Slower Development Velocity
Development becomes increasingly slow, and new features take longer to implement than expected. Teams spend more time troubleshooting or maintaining existing code than building new functionality.
Example: A feature that should take a week takes three weeks because developers struggle with legacy code and dependencies.
Frequent Bugs and Issues in Production
Code changes introduce unexpected side effects, causing more bugs to appear with every release. These bugs often impact unrelated parts of the system, indicating tightly coupled or fragile code.
Example: A minor UI update accidentally breaks the checkout flow, requiring an emergency fix.
High Effort in Onboarding New Developers
New developers take an unusually long time to understand the codebase, and existing developers spend significant time guiding them. This is often due to poor documentation, convoluted code, or inconsistent coding practices.
Example: A new hire needs months to become productive because of unclear architecture and lack of documentation.
Code is Hard to Maintain or Extend
Developers frequently complain that code is difficult to change without breaking something. Small changes require navigating a complex web of dependencies, making the system fragile and error-prone.

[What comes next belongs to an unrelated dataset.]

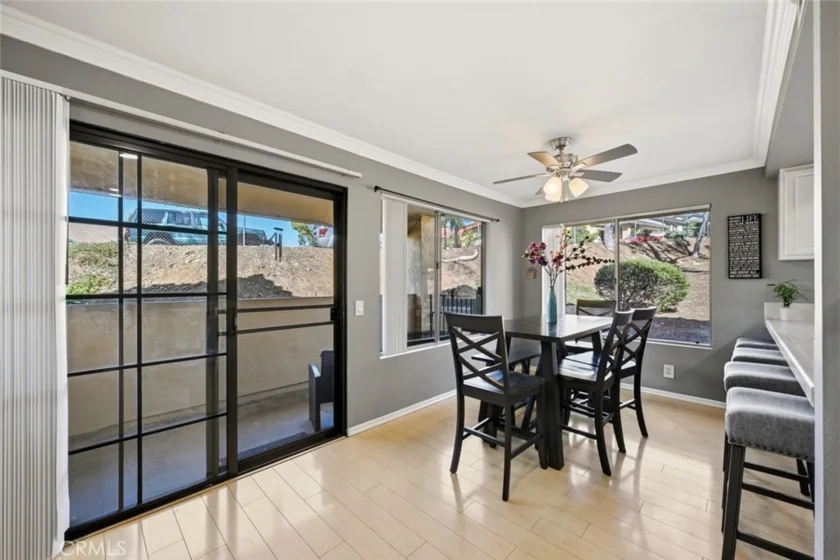1016 Grape Street photo 10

Example: Adding a new field to a form requires updating multiple files and configurations across different modules.
High Number of Workarounds or Temporary Fixes
There are numerous “quick fixes” or patches scattered across the codebase, often with comments like "TODO: Refactor later." These solutions become permanent over time, contributing to an unmaintainable codebase.
Example: Hardcoded values or duplicated logic are scattered throughout the code, causing inconsistencies.
Inconsistent Code Quality Across Modules
Different parts of the system reflect varying levels of code quality, often due to changing teams, rushed development, or lack of refactoring. The inconsistencies make it harder to implement new features consistently across the application.
Example: Some modules follow strict design patterns, while others contain spaghetti code and lack structure.
Outdated Dependencies or Technologies
The system relies on outdated libraries, frameworks, or tools that are no longer supported or actively maintained. Updating them becomes increasingly challenging, compounding the technical debt.
Example: The product depends on a deprecated library, making it difficult to adopt new features or security patches.
Mounting Backlogs of Technical Tasks
Tasks related to refactoring, performance optimization, or fixing bugs accumulate in the backlog and rarely get prioritized. Teams are focused on delivering new features, leaving existing issues unresolved.
Example: A ticket to refactor a core module has been sitting in the backlog for months without attention.
High Test or Deployment Failures
Test suites or deployment pipelines fail frequently, indicating brittle automation or poorly written tests. This increases the time and effort required to release new software reliably.
Example: A small change triggers dozens of test failures, even though the functionality itself works as intended.
Growing Frustration Among Developers
Developers feel burned out or demotivated due to the difficulty of working with the codebase. This is often a consequence of dealing with inefficient processes, fragile systems, and unclear ownership of legacy code.
Example: Developers express frustration in meetings, complaining that "everything breaks when we try to change anything."